Itu mengerikan, batin Rin. "..."

Kei menunjukkan ponselnya. "Tidak tertarik? Kau pasti akan menyembahku setelah ini."

"Hah? Menyembahmu? Jangan bermimpi!"

"Tidak percaya?"

Rin terlihat tidak tertarik. Kei lalu menyalahkan ponselnya dan menunjukkan suatu video pada Rin.

Rin lalu melihatnya.

Mencoba menyimpulkan video apa yang Kei tunjukkan padanya. Matanya melebar selebar-lebarnya. Ia lalu mencoba merebut ponsel milik Kei, tapi tidak berhasil.

Kalah tinggi.

Kei 178 cm.

Rin 165 cm.

"Ba-gai-ma-na, Sa-yang?" Kei merasa di atas angin.

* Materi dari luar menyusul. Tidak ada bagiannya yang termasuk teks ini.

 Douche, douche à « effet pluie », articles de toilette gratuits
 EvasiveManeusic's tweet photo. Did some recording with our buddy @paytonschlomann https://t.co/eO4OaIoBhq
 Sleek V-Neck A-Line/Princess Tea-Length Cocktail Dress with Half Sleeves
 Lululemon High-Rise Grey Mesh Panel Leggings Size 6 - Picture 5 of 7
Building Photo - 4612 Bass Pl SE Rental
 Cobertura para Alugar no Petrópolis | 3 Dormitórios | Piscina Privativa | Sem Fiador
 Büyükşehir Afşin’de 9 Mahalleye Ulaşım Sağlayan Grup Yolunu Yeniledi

Rin merinding mendengar kata 'sayang' keluar dari musuhnya itu. "Hapus itu!"

"Tidak akan!"

"Kubilang hapus, ya hapus!"

"Aku akan menghapusnya jika kau bersedia menjadi pelayanku!"

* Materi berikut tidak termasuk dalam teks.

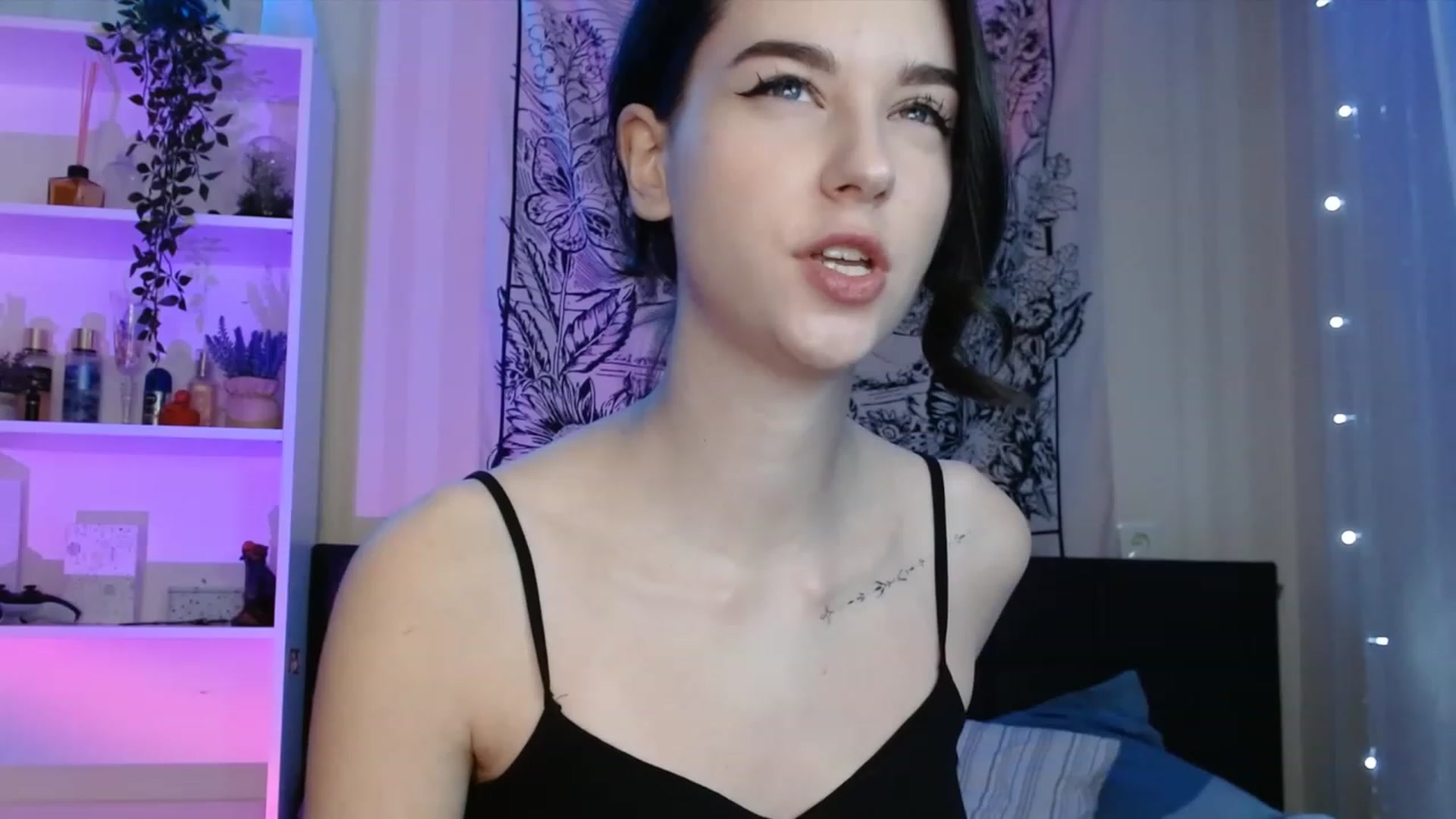 Gallery image thumbnail from ElsieF_'s myfreecams stream on, 12/26/2022, 22:31 image 17 of 20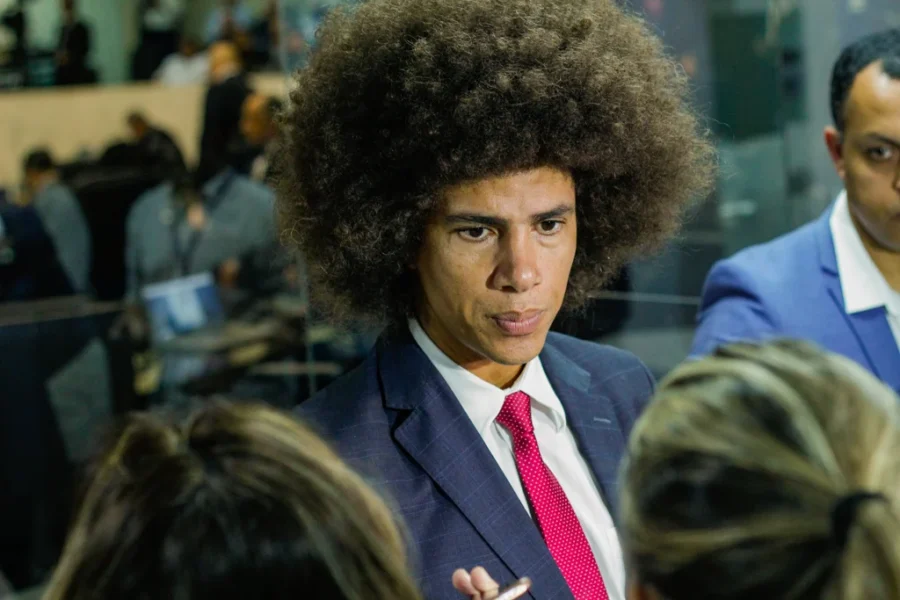 renato-freitas-sob-ataque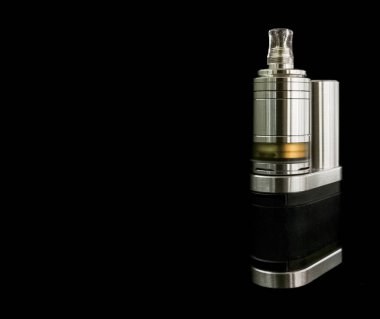 Gelişmiş kişisel buharlaştırıcı veya e-sigara Vintage tarzı, yan yana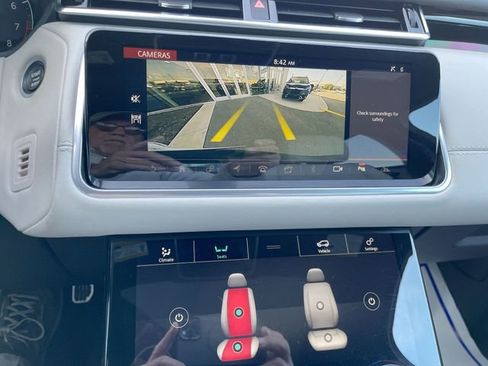 Used 2020 Land Rover Range Rover Velar R-Dynamic S AWD/4WD image 24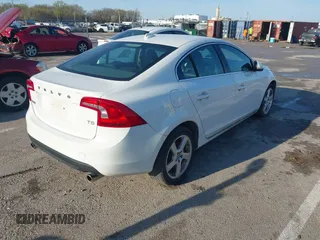 2013 Volvo S60 T5 Premier with VIN YV1612FS8D1232707, listed as a IAAI auction lot 41916058 with Not provided miles and . Bid and sale history available at DreamBid. Image 4.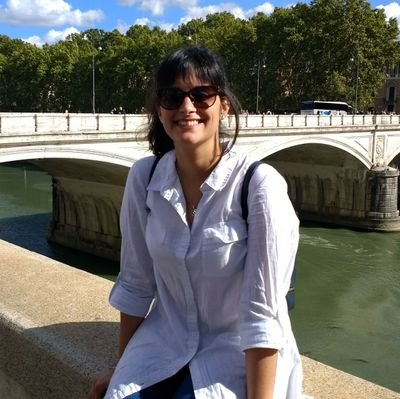 Sigo creyendo en sueños, que los días no tienen dueño, y que hay verdad y que hay amor. Cerrar los ojos es perder.
Lic. en Biotecnología.
Dra en Cs. Biológicas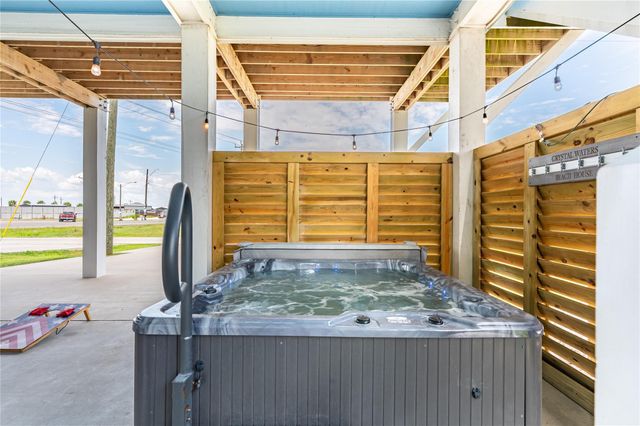 997 S Redfish Street, Crystal Beach, TX 77650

"Itu permintaan yang berlebihan, Kei Sa-yang..." Giliran Rin yang menyebut Kei sayang.

"Begitukah? Kalau tersebar, kau akan terkenal dengan sa-ngat ce-pat." Kei kembali tersenyum.

"Kau..." Rin ingin memukul Kei.

"Ter-kenal dengan ce-pat." Kei mengancam lagi.

Ok, Rin kesal karena ia harus menyerah. Menyerah melawan Kei? Ayolah, itu fakta paling tidak mungkin!

"Jika sampai tersebar, kau orang pertama yang akan kubunuh!"

Ancam Rin tidak main-main.

"Rahasia aman, Nona. Jaa, besok jam tujuh malam kau harus ikut denganku!"

"HEI! Tidak akan secepat itu, kan?"

"Kenapa? Kau sudah setuju menjadi pelayanku, kan? Atau... kau mau ini tersebar?" Kei menunjukkan video itu lagi.

Rin menginjak-injak tanah karena kesal... "Baiklah, jika kau telat menjemputku. Aku tidak mau menemanimu!"

"Harusnya aku yang berkata itu! Kacung itu tidak boleh memerintah tuannya!"

"Haaah, baiklah-baiklah."

Kei mengelus kepala Rin. "Maid yang penurut. Aku akan menghubungimu nanti. Da-da, Sa-yang.."

Kei pergi setelah mereka saling bertukar nomor.

Rin tidak pernah merasa sekesal ini. Kenapa ia mudah sekali dipermainkan Kei dengan video sialan itu? Kenapa harus ada video itu? Kenapa juga Kei yang punya? Kebetulan yang menyakitkan.

Aaargghhh, Rin merasa jika saat ini menuruti Kei adalah yang terbaik. Ia akan berusaha menyingkirkan video nista itu dari dunia ini! Setelah itu, ia akan membalas Kei!

Pelayan? Tuan Putri seperti dirinya itu tidak pantas menjadi pelayan! Kei harus membayarnya!